● INPUT DATA
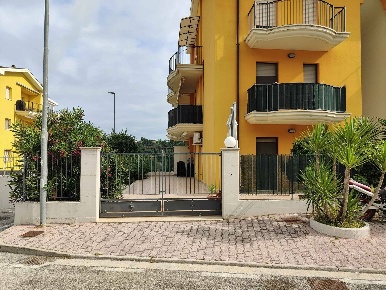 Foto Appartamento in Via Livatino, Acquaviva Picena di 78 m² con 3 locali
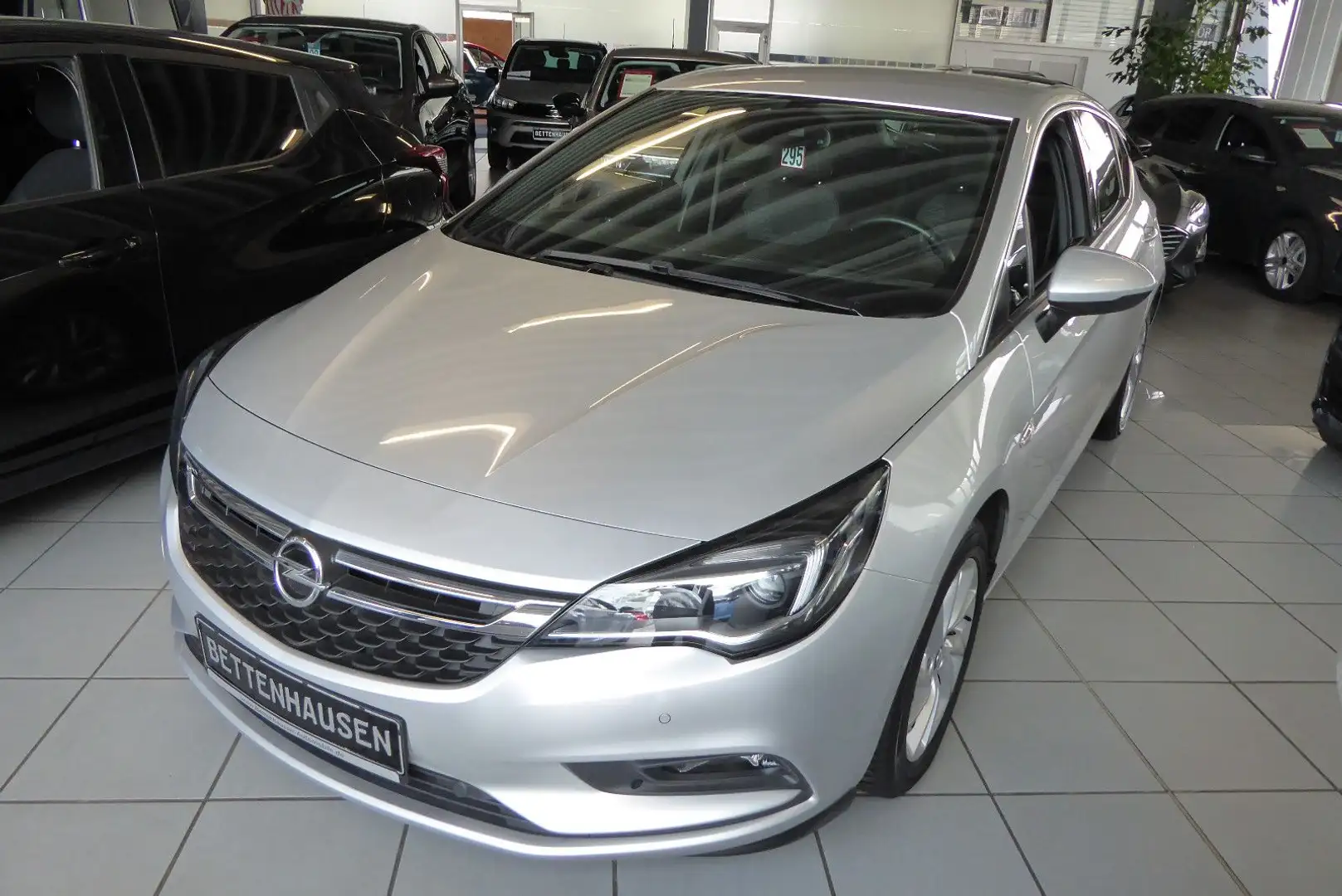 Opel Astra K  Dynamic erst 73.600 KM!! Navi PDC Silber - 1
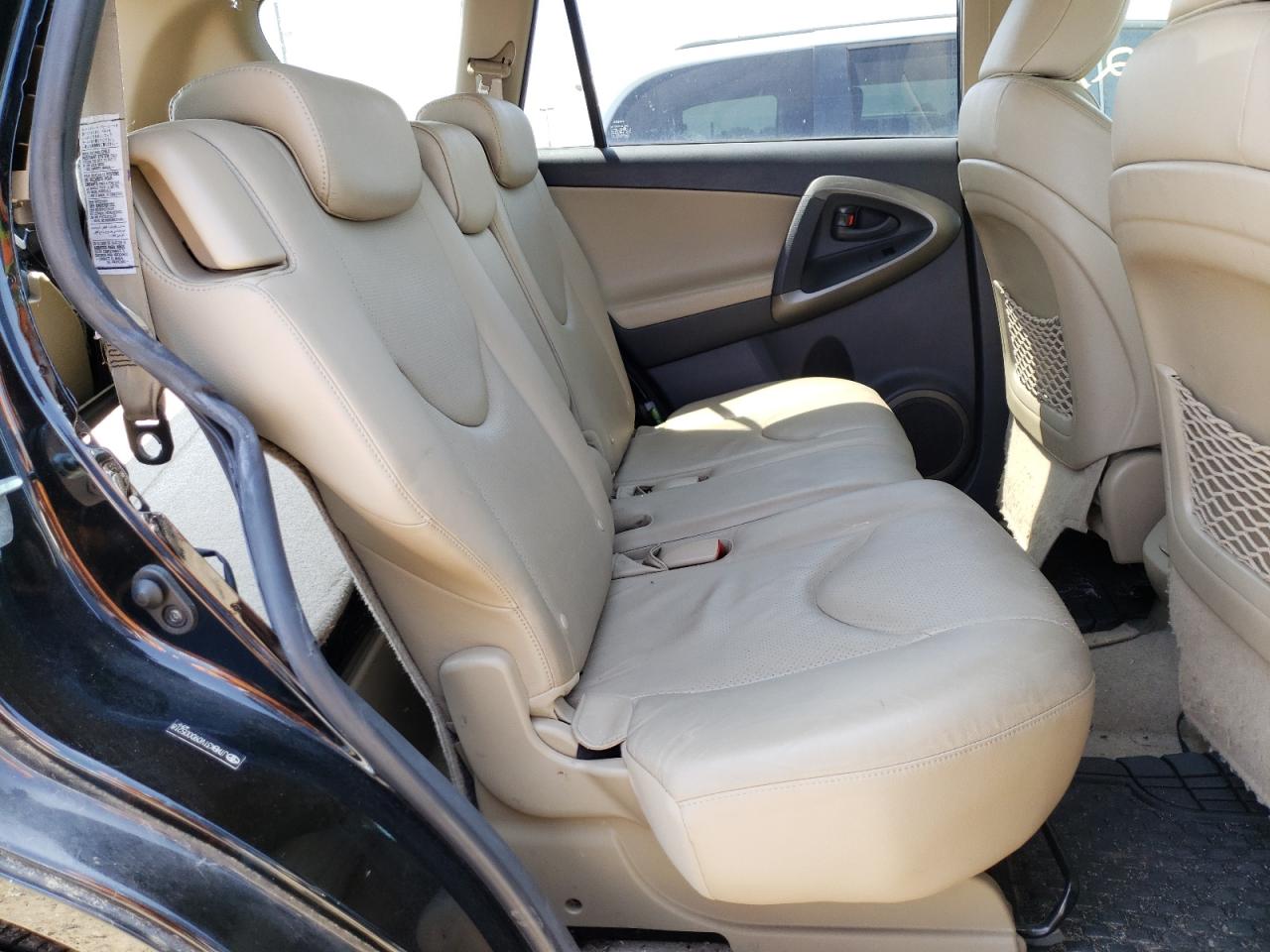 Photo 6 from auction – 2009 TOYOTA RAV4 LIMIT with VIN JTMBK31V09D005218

● ABOUT THIS EXERCISE
Drop the pictures, then reproduce exactly the lines from the one with "Opel Astra K" through the final line of the listing.

● REPLY TO THE TASK
 Opel Astra K  Dynamic erst 73.600 KM!! Navi PDC Silber - 1
 Photo 6 from auction – 2009 TOYOTA RAV4 LIMIT with VIN JTMBK31V09D005218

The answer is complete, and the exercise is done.